Mais voilà, cette nouvelle vision gêne les autorités ; la communauté sera alors démantelée. Notre héros sera « exporté » vers la Biélorussie où des opposants au régime veulent tenter la même expérience de communauté … mais là-aussi c’est un échec.
Bon, si vous vous attendez à une « révolution romancière » telle qu’a pu tenter de l’accomplir le nouveau roman avec des écrivains comme Butor, vous risquez fort d’être très très déçu ! « L’atelier du diable » tant dans sa conception, son architecture que son écriture n’a absolument rien de nouveau,
et ce « New age » évoqué dans la quatrième de couverture ne nous offre guère de nouveauté.
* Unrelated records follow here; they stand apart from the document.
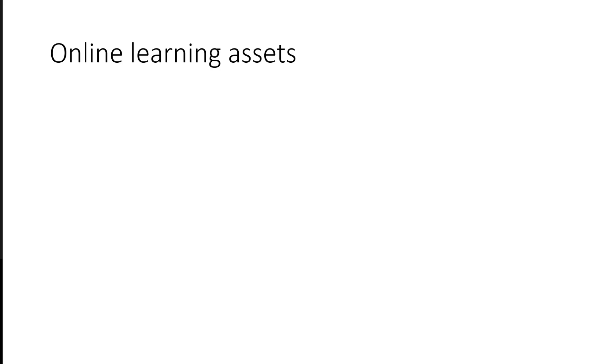Another con is that learners will need a device and internet access to use the learning assets, and that may be an issue for some learners. There's also a learning curve for both faculty and learners when working with this technology.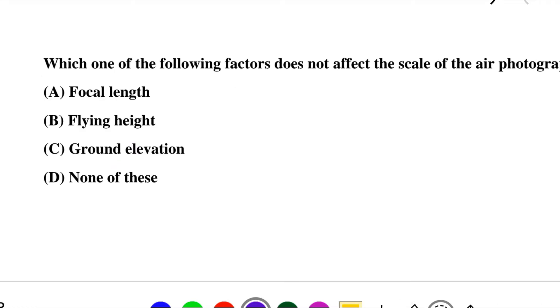Next question: which of the following factors does not affect the scale of the air photographs? Option A: focal length, option B: flying height, option C: ground elevation, option D: none of the above. The correct answer is option D: none of the above.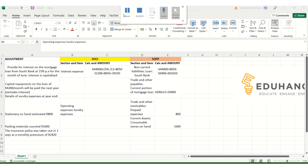Two key questions: why are we recognizing assets, and why are the asset types different if both are consumable stores? We recognize assets because the full $9,200 sundry expenses was expensed, but some amounts are still on hand and haven't been utilized — so we must recognize assets for those amounts. The asset types differ because stationery is estimated whereas packing materials were physically counted. When consumable stores are estimated, use prepaid expense; when physically counted, use consumable stores under current assets.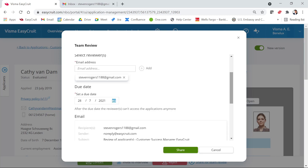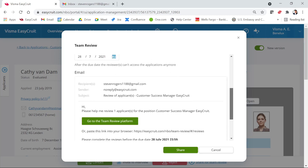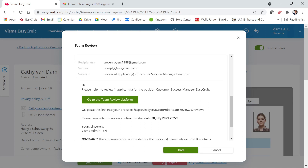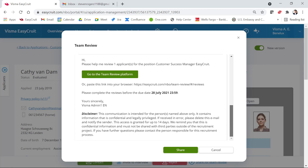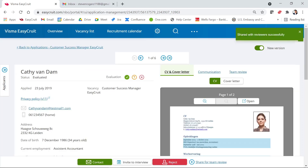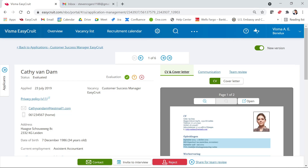Today is the 14th, so the last day I can select is the 28th of July. When you scroll down, you can see the email that will be sent to the reviewer, including a button to go to the review platform. At this point you cannot edit the email templates — that will be added later. Once all steps are completed, click 'Share' in the top right corner. You'll see a confirmation message that the reviews have been shared successfully.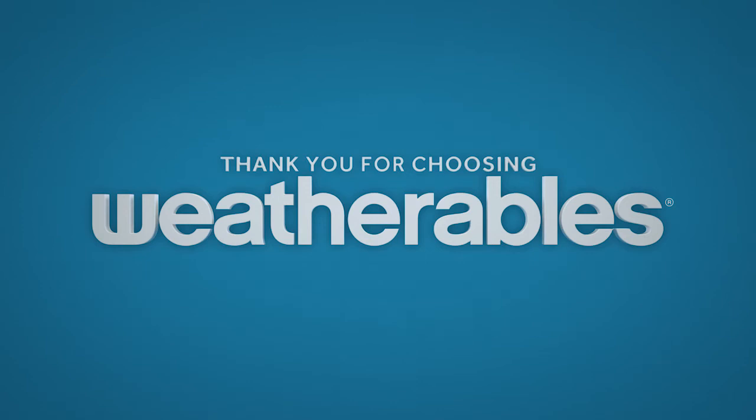Thank you for choosing Weatherables. And when it's time to think outside the fence, ask about our railing and other outdoor living products to add even more style and function to your outdoor space.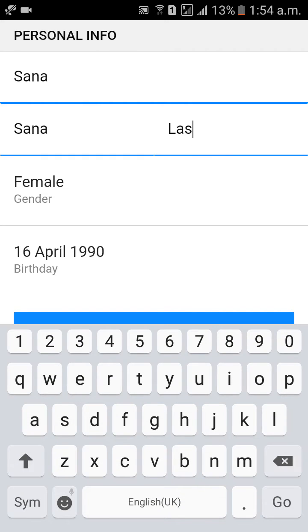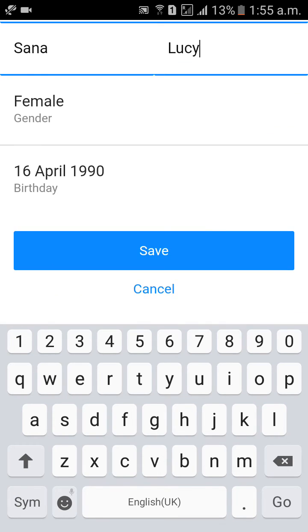I would like to change the last name from Lars to Lucy — L-U-C-Y — making it Sanalusi. Then click on Save.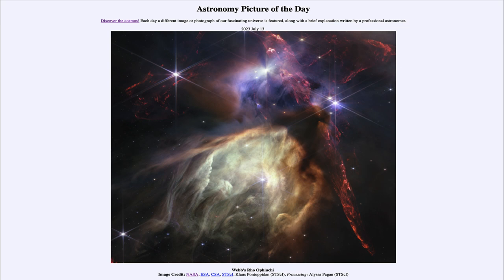So that was our picture of the day for July 13th of 2023, titled Webb's Rho Ophiuchi. We'll be back again tomorrow for the next picture, so until then have a great day everyone, and I will see you in class.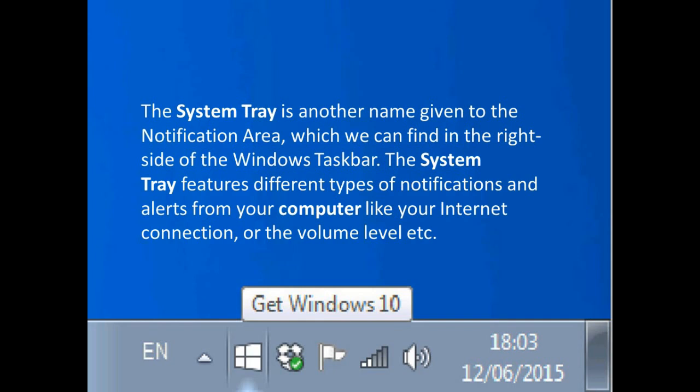Or the volume level, etc. So it is almost the same like our real tray. It can hold all of those tasks, all of those applications what is open, or if there is any notification we can see these within this system tray.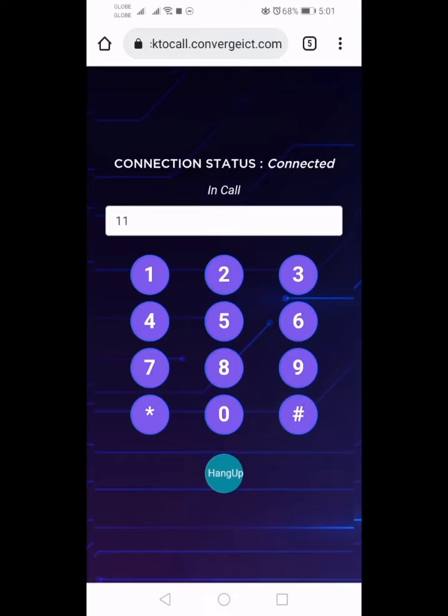To follow up your application, press 2. For non-technical concerns, press 3. For technical concerns, press 4.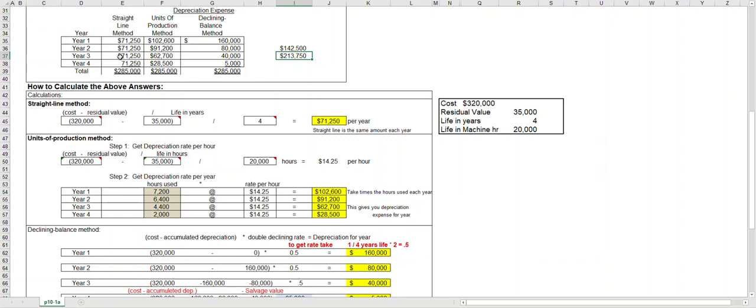Depreciation expense is the amount of expense for that year, whereas accumulated depreciation is all depreciation expense taken to date. I'm going to stop with this video here. Go ahead and watch the next video on double declining.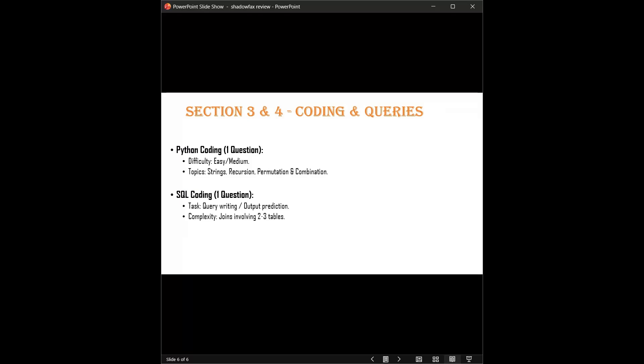To summarize: focus on SQL joins, practice basic string and recursion in Python, and don't panic on the aptitude theta questions. I have put the application link in the description. If this breakdown helped you, do hit the subscribe button so you don't miss the next hiring update. Good luck, warriors! See you in the next round. Thank you.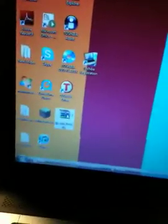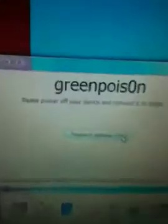Okay, GreenPoison is open right there. You can see it looks like this. Just to prove I am on that version — see that? Okay, so now turn off the power to your iPod or iPhone.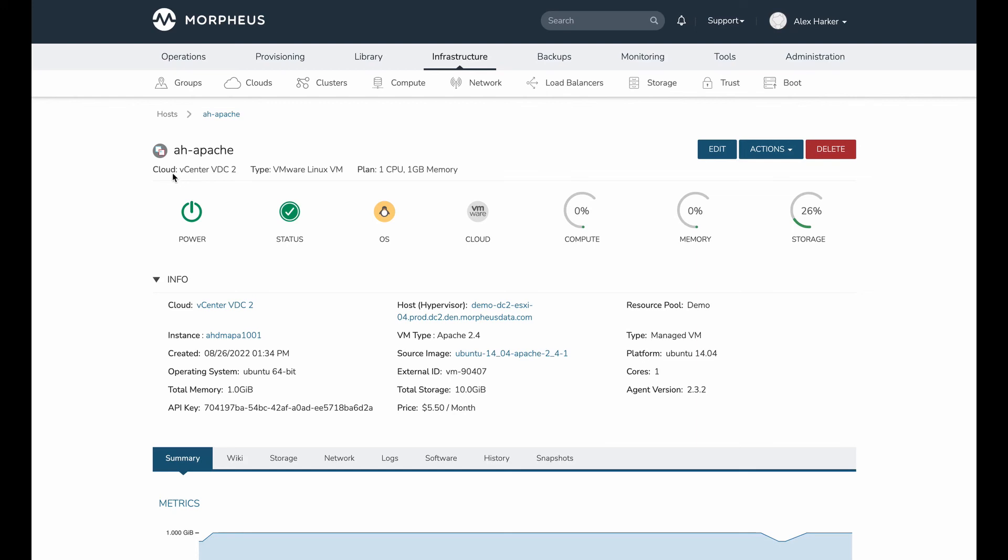So what do we have now with our server record? We have the cloud association with the new target cloud, which is what we wanted. We have the new name for the newer server that was discovered, which is what we wanted. But we do retain some legacy information that came from the original server.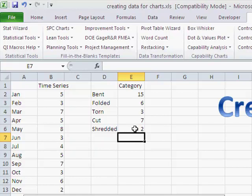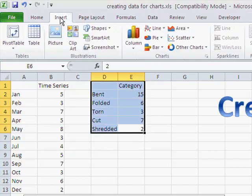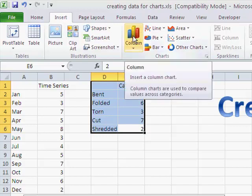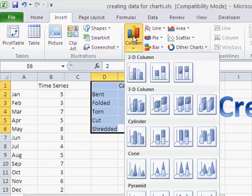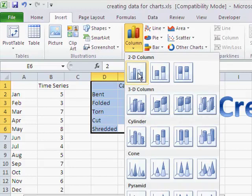And so we can take that data, select that with our mouse, go back to the chart menu. And here we could choose a column chart. And again, we have a wide variety of charts, but we just want the single simple column.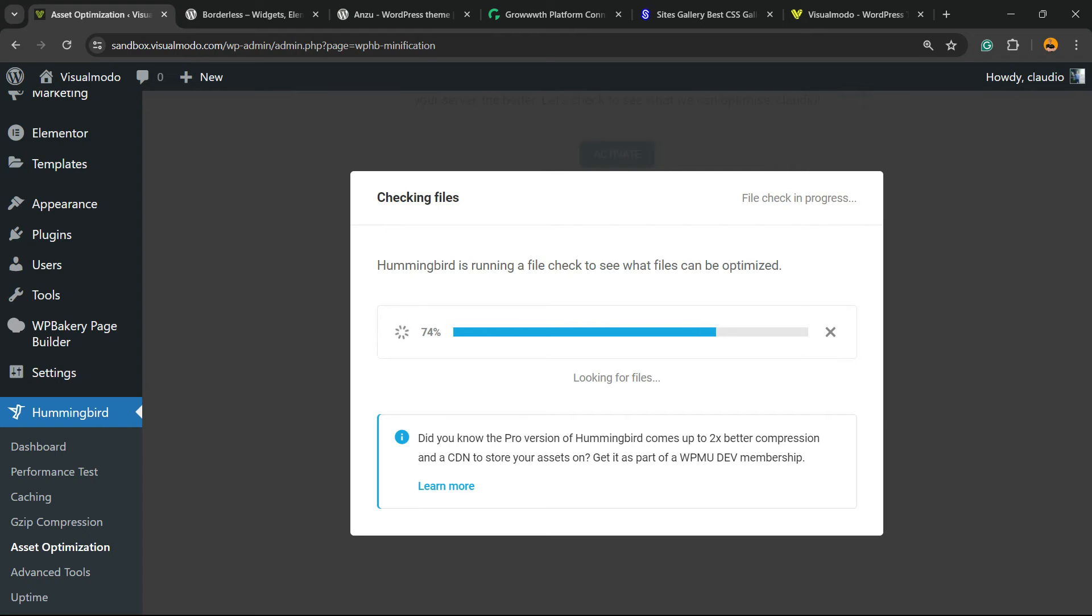Remember the time that it takes to load gonna change according to how big your theme your plugins are, how big your pages are, so I will not cut the video. I prefer to keep you so you can see the time that it actually takes. We are almost there.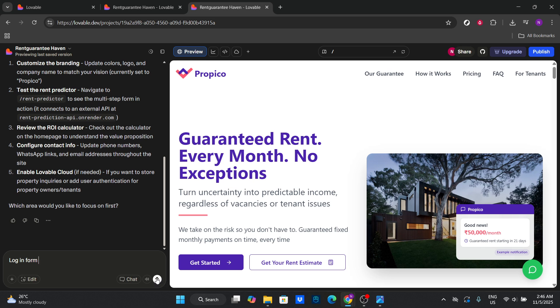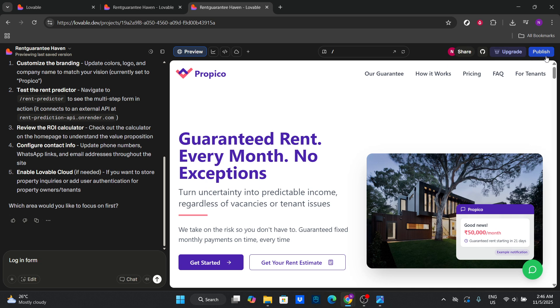The final step is deploying your imported project. Lovable provides a simple process to push your project live, allowing you to share your work with the world, or continue testing and refining your next great feature. And there you have it, importing a GitHub project into Lovable made simple and efficient. Following these steps ensures your project stays organized and accessible, leveraging both platforms' strengths to create something truly amazing. Thanks for joining me today, and happy coding!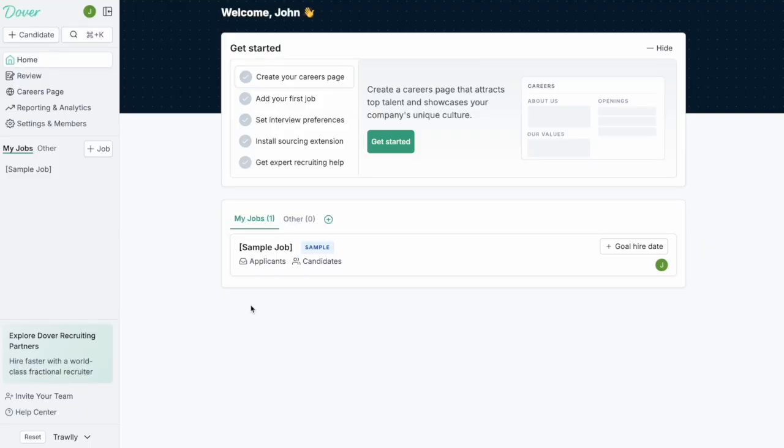When you first log into Dover you're going to land on your home page. This is also going to give you a getting started guide to help you get going. I'm going to cover most of the material in this getting started guide during this demonstration.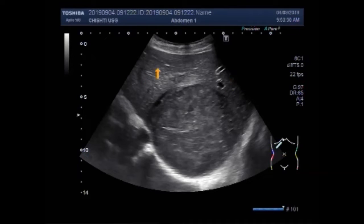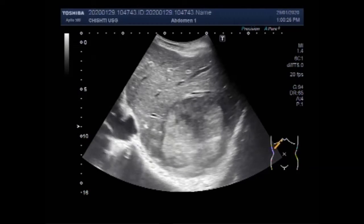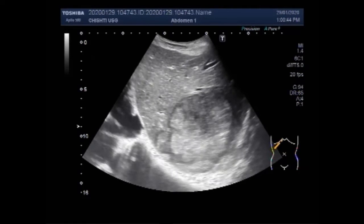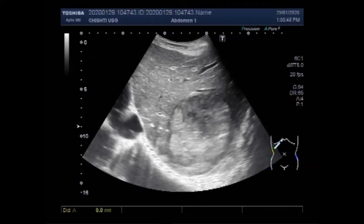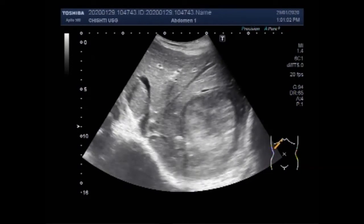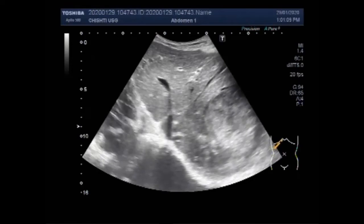Now you are going to see the second video. This second video also shows a large hepatic mass. This mass is seen in the lower portion of the right lobe of the liver as well as the left lobe of the liver — dominantly in the lower portion of the right lobe. It is also a large one, measuring about 9.5 cm x 7.8 cm. This mass is also semi-solid to solid in consistency with no fluid in or around the mass, and it is round to oval in shape.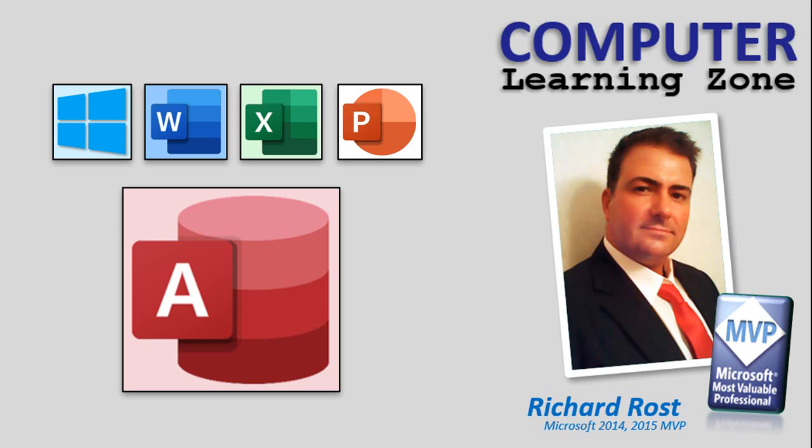But don't worry, my philosophy has always been do one thing better than anyone else, so Microsoft Access will always be my top priority. It's what I do best, it's the topic that I personally love the most, and I'll be continuing to make new Access lessons, templates, seminars, tech help, and fast tips videos, just as I always have.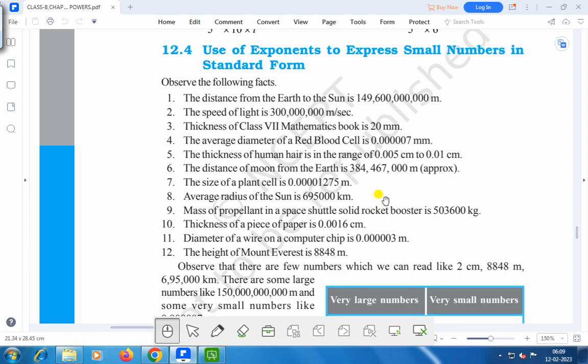Hello everyone, today we shall discuss the use of exponents to express small numbers in standard form.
Les thèmes développés ont été déjà tellement traités ! Les horreurs commises par les nazis, l’exploitation quasi touristique qui en a été faite (ne soyons pas choqués, ou ne jouons pas les faux prudes : les marchands du temple sont toujours là où il y a de l’argent à faire, au Vatican comme au Mont Saint Michel, pour ne citer que quelques lieux parmi tant et tant d’autres !), la dénonciation du totalitarisme communiste, ou en parallèle le conformisme familial petit-bourgeois : tout y est.
Cela ne veut pas dire pour autant que ce roman est dénué de tout intérêt ; non, et pour cette raison principale que les faits racontés et qui souvent s’opposent, même s’ils sont connus ou nous en rappellent d’autres similaires, sont par eux-mêmes porteurs d’interrogation ; l’auteur s’en voudrait de trancher, mais on ne peut qu’applaudir à ce qui peut tellement ressembler à des prises de position : la haine de la violence, au détriment des êtres humains, le rejet des phénomènes de masse (les scènes où la population civile applaudit et encourage les autorités à démanteler la communauté sont particulièrement significatives).
Mais surtout le héros, malgré un passé plus que trouble, sait nous émouvoir ; il a la franchise de l’innocence perdue et tellement re-souhaitée ! Toutes ses aventures ont ce goût amer de la recherche d’un autre temps, celui où seraient gommés tous les conflits dans lesquels il est, volens nolens, impliqué.
Ce JáchymTopol, en tout cas, ne laisse pas indifférent, et, lorsqu’on a refermé son roman, on a a vraiment envie d’en connaître un peu plus sur cet auteur et sa production de romancier.